### Work to complete
Every line from the one containing "Certified 2023 Volkswagen" to the end of the data below should be copied exactly, but pictures should not.
(Data for processing Opens)
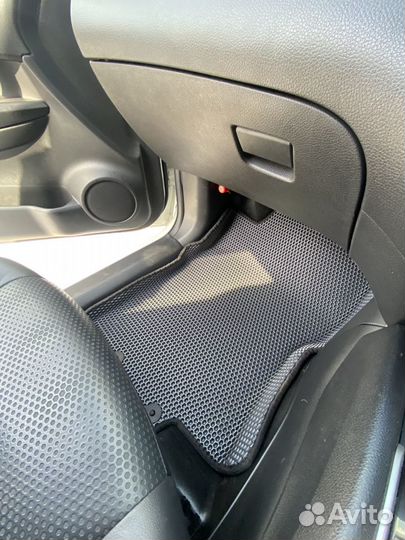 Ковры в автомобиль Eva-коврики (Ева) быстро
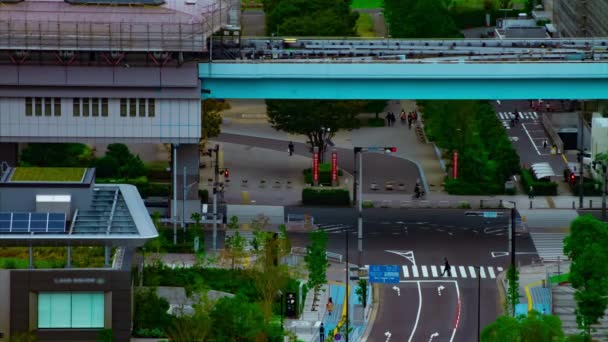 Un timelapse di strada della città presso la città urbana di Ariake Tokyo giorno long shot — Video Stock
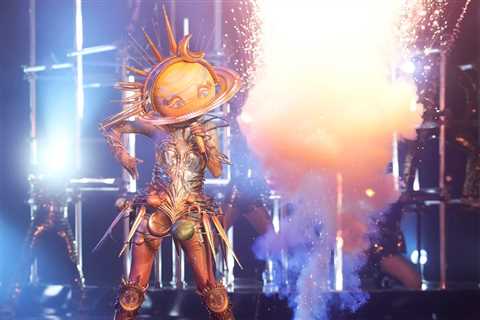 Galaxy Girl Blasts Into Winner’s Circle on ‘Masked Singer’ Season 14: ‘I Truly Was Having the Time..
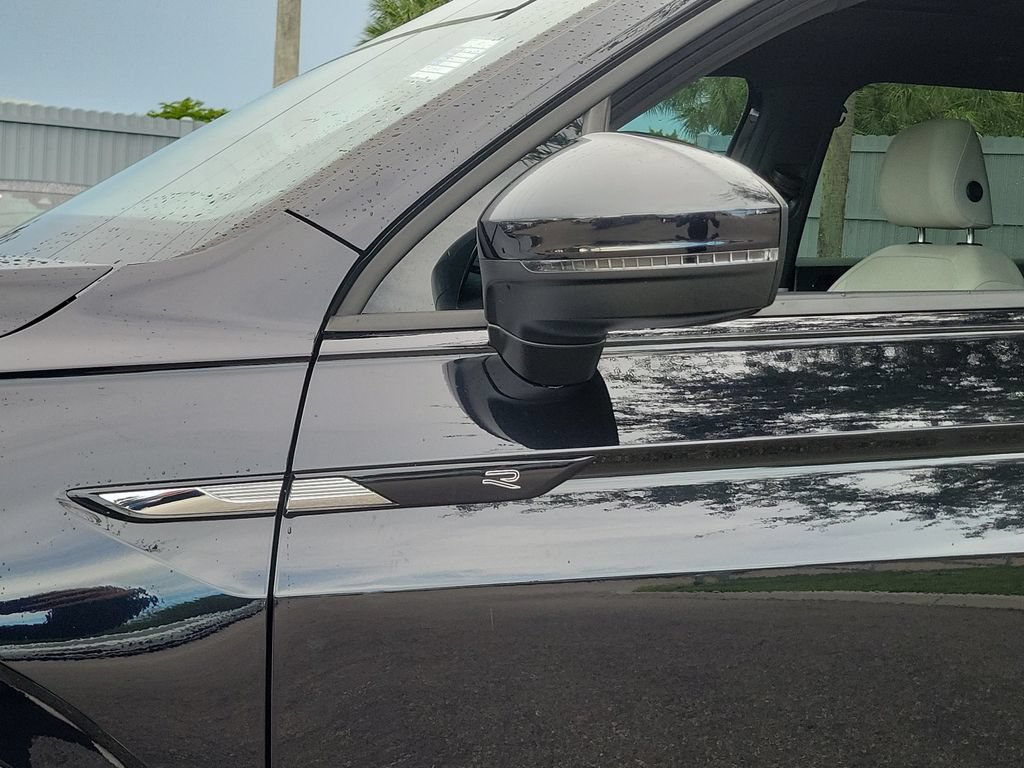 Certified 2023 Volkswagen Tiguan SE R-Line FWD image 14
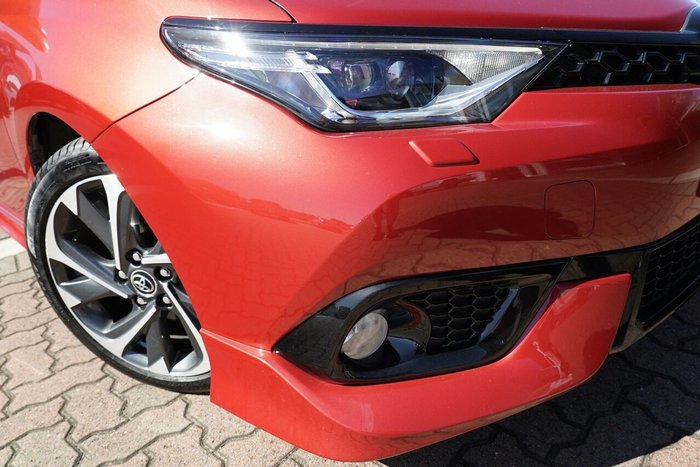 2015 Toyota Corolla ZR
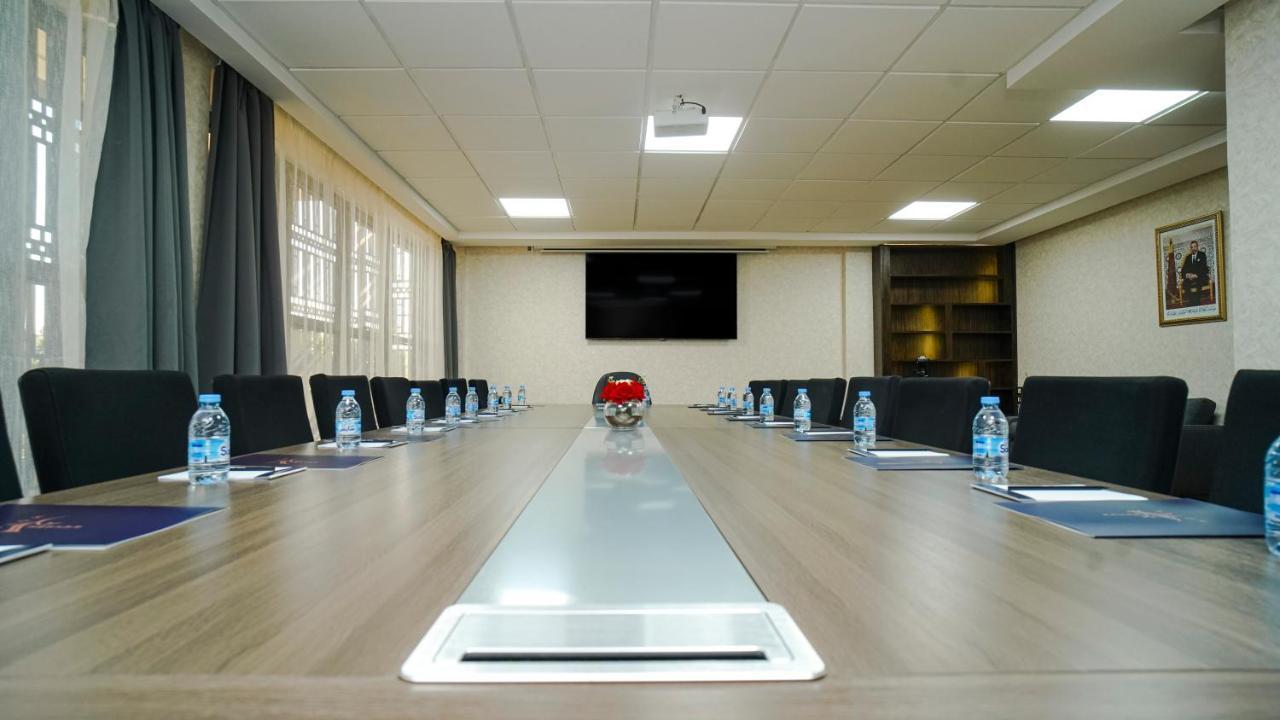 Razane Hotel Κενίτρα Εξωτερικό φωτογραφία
(Data for processing Closes)
### Your solution
 Certified 2023 Volkswagen Tiguan SE R-Line FWD image 14
 2015 Toyota Corolla ZR
 Razane Hotel Κενίτρα Εξωτερικό φωτογραφία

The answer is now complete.